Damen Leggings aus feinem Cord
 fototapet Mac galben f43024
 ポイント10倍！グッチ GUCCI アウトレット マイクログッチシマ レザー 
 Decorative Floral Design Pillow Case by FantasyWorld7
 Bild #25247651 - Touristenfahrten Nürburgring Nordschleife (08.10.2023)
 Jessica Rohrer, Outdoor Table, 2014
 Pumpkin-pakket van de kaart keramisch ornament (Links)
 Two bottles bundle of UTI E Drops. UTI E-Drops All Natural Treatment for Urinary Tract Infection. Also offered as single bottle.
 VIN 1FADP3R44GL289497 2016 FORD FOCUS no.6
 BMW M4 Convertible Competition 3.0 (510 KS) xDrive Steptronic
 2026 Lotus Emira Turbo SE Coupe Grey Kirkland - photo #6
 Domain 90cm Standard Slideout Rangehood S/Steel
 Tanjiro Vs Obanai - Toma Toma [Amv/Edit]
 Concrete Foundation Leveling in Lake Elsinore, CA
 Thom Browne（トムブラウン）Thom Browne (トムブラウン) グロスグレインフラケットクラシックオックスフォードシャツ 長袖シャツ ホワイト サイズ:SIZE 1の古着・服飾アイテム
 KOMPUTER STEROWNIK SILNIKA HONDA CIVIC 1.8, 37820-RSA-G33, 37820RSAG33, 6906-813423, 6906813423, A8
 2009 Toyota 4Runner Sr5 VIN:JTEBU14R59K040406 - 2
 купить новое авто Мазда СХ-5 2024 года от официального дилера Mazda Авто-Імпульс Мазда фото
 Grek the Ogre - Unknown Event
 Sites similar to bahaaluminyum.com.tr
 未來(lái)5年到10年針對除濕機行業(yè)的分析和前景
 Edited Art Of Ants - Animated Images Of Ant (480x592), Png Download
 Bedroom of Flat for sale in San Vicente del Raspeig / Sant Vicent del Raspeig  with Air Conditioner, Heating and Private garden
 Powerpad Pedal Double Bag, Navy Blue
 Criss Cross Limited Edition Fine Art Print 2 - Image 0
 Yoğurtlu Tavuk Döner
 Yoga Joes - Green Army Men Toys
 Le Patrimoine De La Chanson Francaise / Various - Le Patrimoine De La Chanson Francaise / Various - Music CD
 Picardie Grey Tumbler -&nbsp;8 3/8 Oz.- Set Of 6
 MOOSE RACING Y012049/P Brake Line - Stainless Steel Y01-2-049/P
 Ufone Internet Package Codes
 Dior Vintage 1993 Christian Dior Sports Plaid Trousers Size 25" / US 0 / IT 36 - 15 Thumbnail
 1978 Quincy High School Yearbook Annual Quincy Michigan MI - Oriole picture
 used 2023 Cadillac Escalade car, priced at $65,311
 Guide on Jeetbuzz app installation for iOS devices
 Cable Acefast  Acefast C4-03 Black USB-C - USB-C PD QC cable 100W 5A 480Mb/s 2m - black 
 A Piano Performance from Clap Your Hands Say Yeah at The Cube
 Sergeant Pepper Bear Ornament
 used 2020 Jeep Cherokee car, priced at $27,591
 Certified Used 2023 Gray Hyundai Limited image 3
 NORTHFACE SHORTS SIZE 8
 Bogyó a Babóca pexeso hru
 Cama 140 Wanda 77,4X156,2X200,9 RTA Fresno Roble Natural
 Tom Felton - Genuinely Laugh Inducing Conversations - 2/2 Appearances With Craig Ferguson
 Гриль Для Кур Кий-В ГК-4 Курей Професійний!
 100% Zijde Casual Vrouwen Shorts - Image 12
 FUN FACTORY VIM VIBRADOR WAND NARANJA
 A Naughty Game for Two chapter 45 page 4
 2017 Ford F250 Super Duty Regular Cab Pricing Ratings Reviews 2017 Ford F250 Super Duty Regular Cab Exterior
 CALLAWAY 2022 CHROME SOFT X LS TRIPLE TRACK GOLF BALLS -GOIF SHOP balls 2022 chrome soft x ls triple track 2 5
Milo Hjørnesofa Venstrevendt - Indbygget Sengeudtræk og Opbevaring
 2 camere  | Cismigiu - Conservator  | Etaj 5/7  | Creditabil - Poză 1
┄┄┄┄┄┄┄┄┄┄┄┄┄┄┄┄┄┄┄┄
*ASSIGNED TASK*: Going through the data above, return each line with the word "priced".

*TASK OUTPUT*:
 used 2023 Cadillac Escalade car, priced at $65,311
 used 2020 Jeep Cherokee car, priced at $27,591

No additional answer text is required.